▸ Provided data
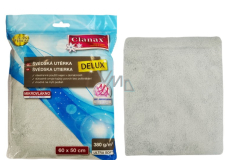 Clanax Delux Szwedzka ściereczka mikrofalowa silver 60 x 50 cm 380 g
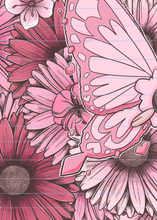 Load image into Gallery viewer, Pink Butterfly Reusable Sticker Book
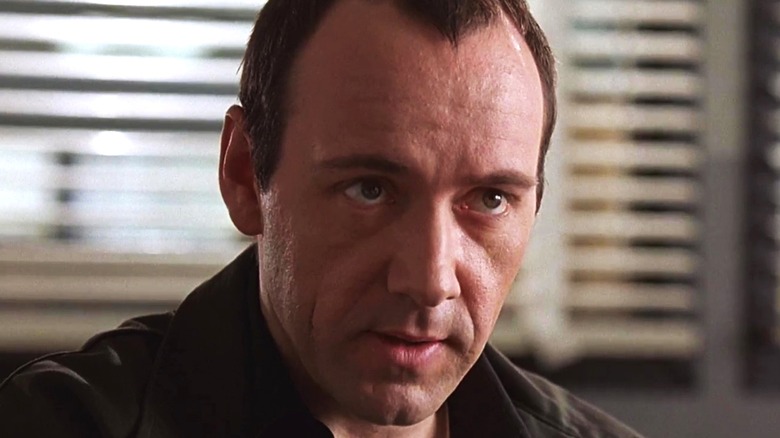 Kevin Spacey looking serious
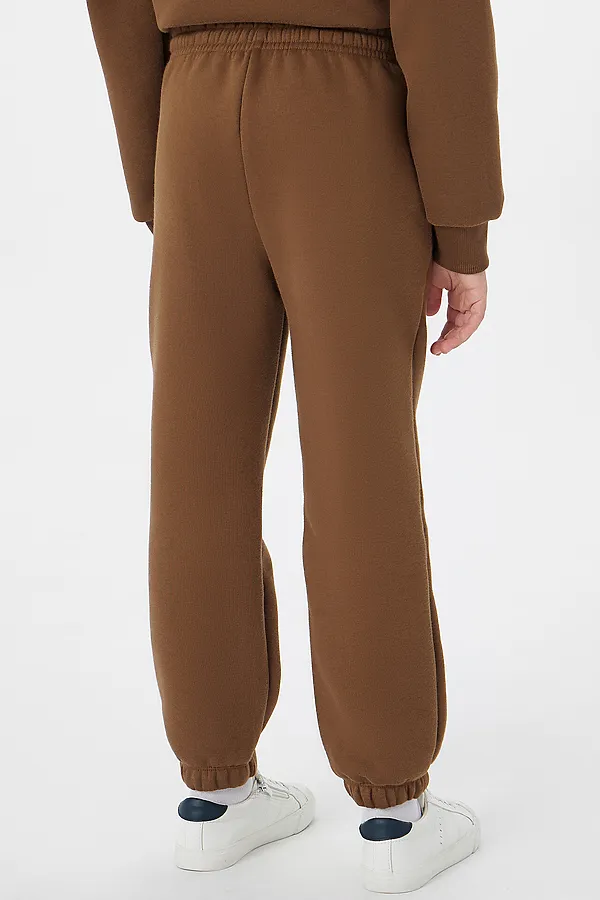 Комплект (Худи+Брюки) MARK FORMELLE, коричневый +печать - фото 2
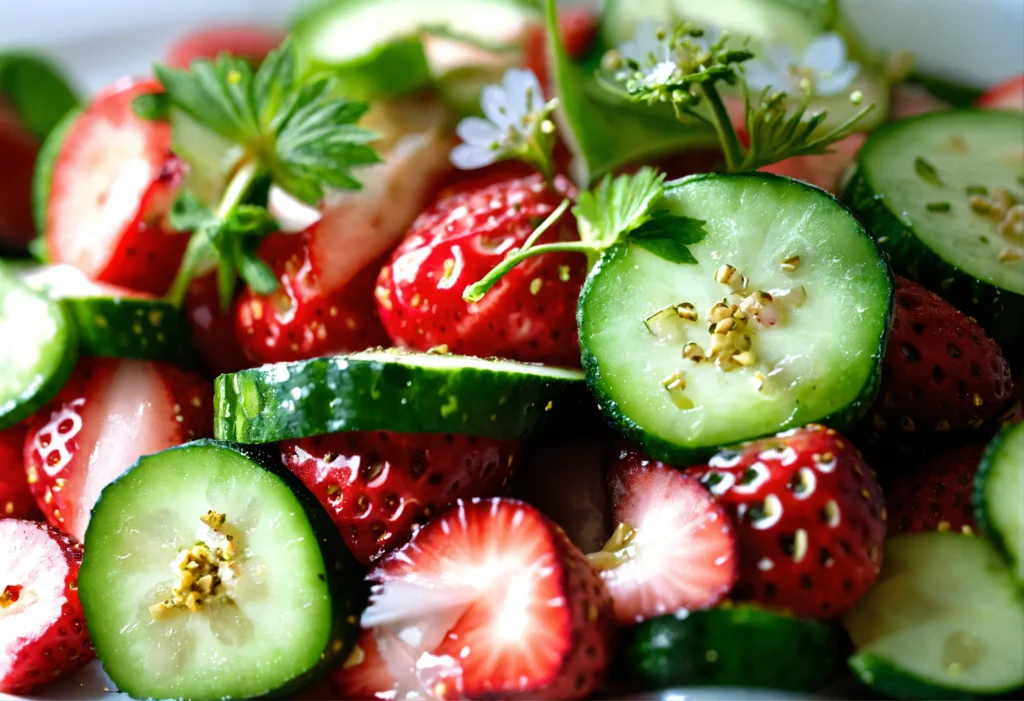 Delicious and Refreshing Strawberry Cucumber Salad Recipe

---

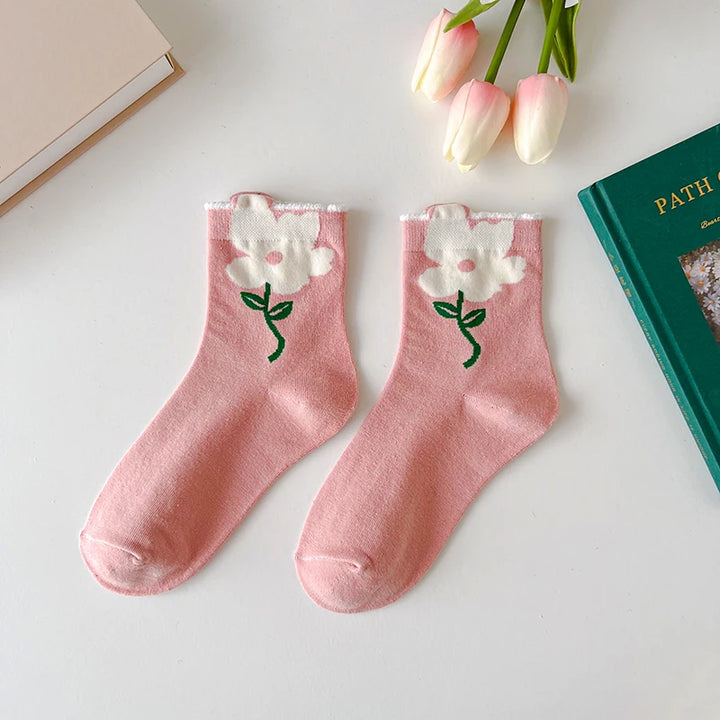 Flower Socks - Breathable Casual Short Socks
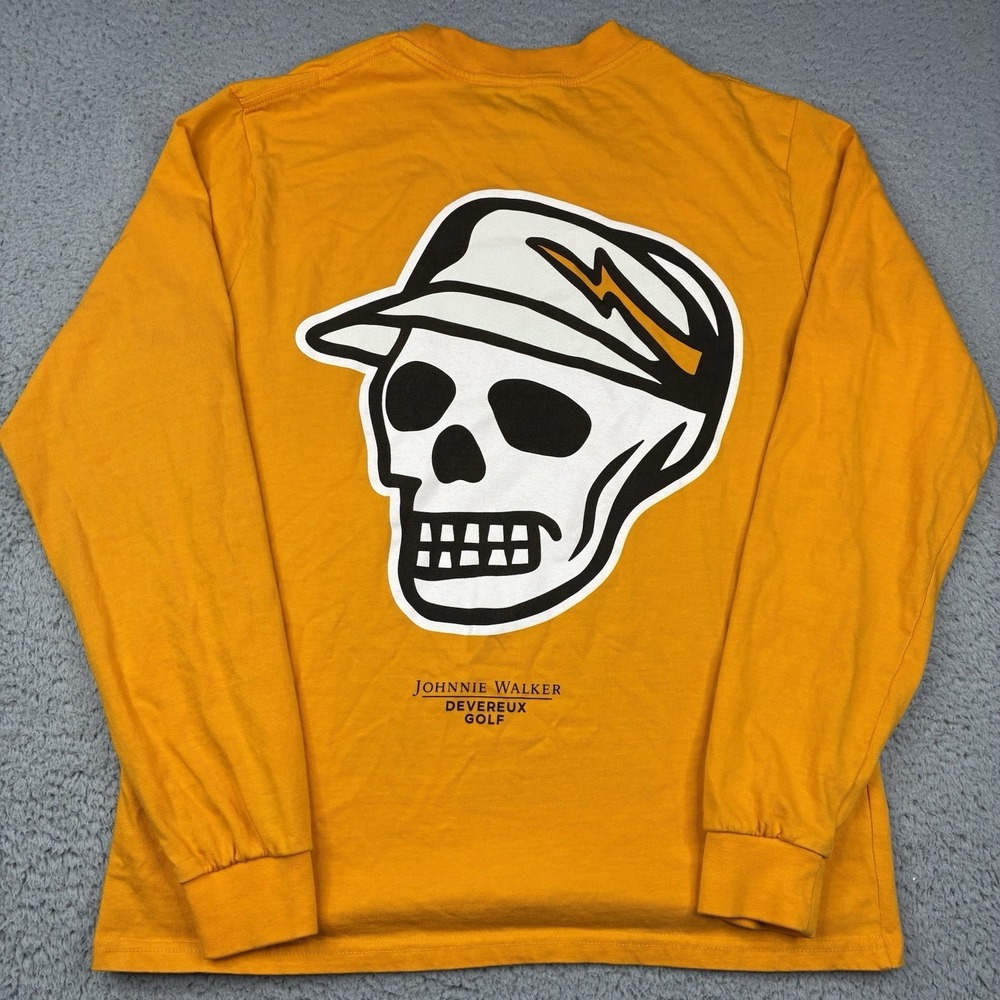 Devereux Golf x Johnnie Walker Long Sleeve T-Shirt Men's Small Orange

▸ How to complete this task
The copy should hold only the lines from the one with "Flower Socks - Breathable Casual Short Socks" through the one with "Devereux Golf x", exactly as they stand above. Leave out the pictures.

▸ Result for this exercise
 Flower Socks - Breathable Casual Short Socks
 Devereux Golf x Johnnie Walker Long Sleeve T-Shirt Men's Small Orange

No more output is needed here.